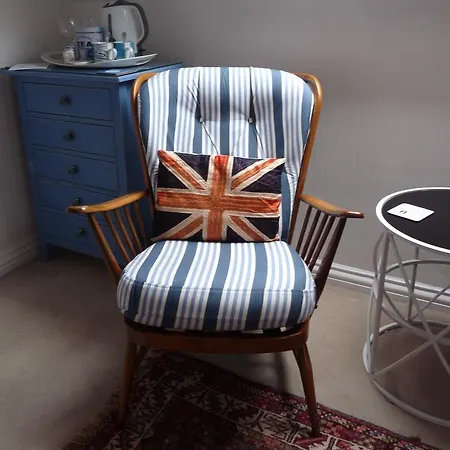 Saxon Villa Robin Hood's Bay Room photo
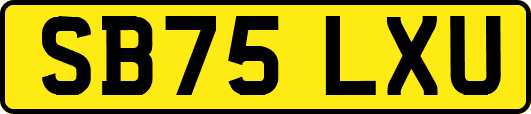 SB75LXU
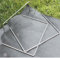 WERKA PRO Agrafes 15 x 20cm métalliques galva 10 pcs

■ Work instructions ■
Give every line above again exactly, with no pictures.

■ Output for this exercise ■
 Saxon Villa Robin Hood's Bay Room photo
 SB75LXU
 WERKA PRO Agrafes 15 x 20cm métalliques galva 10 pcs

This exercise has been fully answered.